Task to complete: Starting at the line that contains "A silver bracelet" and ending at the line that contains "a bed sitting in a bedroom next to a window", the lines below are to be given again exactly, with nothing added.

(Input data begins)

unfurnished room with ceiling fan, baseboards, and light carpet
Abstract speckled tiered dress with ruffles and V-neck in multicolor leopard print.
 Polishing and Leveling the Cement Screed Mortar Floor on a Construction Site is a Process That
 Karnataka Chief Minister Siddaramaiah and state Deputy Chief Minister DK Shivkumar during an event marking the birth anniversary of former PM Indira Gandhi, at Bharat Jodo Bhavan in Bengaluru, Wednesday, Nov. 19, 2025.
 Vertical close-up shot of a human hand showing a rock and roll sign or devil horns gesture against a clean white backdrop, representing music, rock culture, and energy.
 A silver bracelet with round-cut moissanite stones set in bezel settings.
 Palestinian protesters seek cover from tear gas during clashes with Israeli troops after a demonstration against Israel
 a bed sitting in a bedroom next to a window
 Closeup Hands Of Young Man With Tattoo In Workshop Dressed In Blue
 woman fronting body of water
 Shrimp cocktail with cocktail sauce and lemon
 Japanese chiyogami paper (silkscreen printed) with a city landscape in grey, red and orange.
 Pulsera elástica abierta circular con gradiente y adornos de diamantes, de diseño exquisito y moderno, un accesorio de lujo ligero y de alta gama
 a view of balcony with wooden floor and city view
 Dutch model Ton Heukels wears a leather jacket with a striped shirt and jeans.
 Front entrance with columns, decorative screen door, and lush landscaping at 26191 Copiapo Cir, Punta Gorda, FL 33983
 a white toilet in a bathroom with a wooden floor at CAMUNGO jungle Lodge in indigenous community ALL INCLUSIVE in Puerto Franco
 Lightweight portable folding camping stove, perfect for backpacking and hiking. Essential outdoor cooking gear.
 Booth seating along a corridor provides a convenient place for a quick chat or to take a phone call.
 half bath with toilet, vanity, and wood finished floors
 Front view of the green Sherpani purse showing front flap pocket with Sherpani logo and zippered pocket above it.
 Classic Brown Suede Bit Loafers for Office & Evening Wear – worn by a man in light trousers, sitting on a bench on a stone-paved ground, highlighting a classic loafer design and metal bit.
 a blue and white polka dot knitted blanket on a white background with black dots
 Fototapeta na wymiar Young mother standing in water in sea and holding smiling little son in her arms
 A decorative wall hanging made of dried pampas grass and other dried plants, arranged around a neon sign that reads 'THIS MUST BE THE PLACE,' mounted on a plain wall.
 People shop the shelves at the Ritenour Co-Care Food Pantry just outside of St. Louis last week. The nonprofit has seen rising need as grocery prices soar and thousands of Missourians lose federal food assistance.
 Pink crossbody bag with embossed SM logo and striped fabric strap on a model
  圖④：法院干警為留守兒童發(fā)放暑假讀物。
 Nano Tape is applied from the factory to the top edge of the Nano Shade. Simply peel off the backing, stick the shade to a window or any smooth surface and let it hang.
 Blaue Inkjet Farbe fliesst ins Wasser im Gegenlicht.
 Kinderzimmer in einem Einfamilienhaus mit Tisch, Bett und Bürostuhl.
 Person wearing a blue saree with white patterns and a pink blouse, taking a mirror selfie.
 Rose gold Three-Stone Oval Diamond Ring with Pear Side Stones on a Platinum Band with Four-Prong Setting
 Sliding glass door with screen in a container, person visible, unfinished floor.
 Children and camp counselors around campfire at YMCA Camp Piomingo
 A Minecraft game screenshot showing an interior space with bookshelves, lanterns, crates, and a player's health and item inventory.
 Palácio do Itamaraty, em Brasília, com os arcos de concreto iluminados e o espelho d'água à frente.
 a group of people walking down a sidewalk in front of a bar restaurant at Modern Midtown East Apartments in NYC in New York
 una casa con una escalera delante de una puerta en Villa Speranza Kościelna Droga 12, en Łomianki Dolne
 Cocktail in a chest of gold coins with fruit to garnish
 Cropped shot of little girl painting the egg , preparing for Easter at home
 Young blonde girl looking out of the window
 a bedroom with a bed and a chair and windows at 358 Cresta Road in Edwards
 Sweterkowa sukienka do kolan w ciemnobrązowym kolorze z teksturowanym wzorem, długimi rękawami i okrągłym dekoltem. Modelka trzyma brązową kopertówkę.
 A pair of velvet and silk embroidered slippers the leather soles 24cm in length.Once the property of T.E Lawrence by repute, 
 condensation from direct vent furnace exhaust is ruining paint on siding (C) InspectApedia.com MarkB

(Input data ends)

Answer for this exercise:
 A silver bracelet with round-cut moissanite stones set in bezel settings.
 Palestinian protesters seek cover from tear gas during clashes with Israeli troops after a demonstration against Israel
 a bed sitting in a bedroom next to a window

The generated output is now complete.